Here is an image of various Data Models in NIX, if that helps Data Models image For more info visit NIX Models Defination.

Whats Yo Project?

My potential project will be to develop a Proof of Concept for a new Data Model - DataFrame in NIX, and it’s bindings for Python, to show that pandas DataFrames can read and write to NIX files.

So, What is a DataFrame?

A DataFrame is a table, or two-dimensional array-like Data Structure, in which each column contains potential heterogeneous DataTypes. Each column will have it’s own name, unit and data type. Each row data type may be different, while the column datatype must be homogenous. It provides multiple APIs for efficient manipulation of data. If want to know more about DataFrame, Pandas DataFrame API’s can be a valuable resource.

But Why DataFrame? :expressionless:

But why gif Now the question is what is need of DataFrame when there are DataArrays which can store n-dimensional DataTypes.

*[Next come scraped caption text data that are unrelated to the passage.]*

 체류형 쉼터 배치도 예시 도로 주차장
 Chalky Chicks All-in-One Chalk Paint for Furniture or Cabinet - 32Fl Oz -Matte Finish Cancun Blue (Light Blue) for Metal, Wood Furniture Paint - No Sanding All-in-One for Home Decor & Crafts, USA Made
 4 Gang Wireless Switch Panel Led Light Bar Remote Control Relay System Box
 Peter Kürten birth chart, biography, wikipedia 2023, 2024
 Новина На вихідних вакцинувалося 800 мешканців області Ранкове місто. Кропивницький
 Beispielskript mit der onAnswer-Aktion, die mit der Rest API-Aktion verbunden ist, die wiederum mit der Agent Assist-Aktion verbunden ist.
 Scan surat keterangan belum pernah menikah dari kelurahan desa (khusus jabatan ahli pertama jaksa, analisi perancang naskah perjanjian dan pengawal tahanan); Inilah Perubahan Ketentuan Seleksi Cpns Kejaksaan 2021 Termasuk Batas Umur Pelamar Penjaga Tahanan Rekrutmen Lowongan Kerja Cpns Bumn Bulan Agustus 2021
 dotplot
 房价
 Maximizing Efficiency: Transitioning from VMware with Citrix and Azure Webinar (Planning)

DataArray can store n-dimensional data with units and other metadata, but the problem with DataArray is that it can only hold only homogenous data. Consider a case in which user wants to store data for an experiment which contains Int, String, and Bool. To save data user needs to create three different DataArrays and deal with their units and metadata separately. Now consider few more columns with different datatype as the number of columns increases the task of maintaining become quite cumbersome. Using DataFrame makes this a lot easier, leveraging DataFrame API’s user can easily store potential heterogeneous data types in one data-structure. And it will be easy to manipulate data, units, and metadata in a systematic way. That’s why DataFrame can be a valuable tool in NIX arsenal.

What Now?

I am currently reading NIX code to get the further understanding how various Data Model are implemented deep down. My primary interest is in the implementation of DataArray. As DataFrame implementation is gonna be almost similar to them. I will write a new blog post explaining how I am gonna implement POC for DataFrame.

Until then :wave: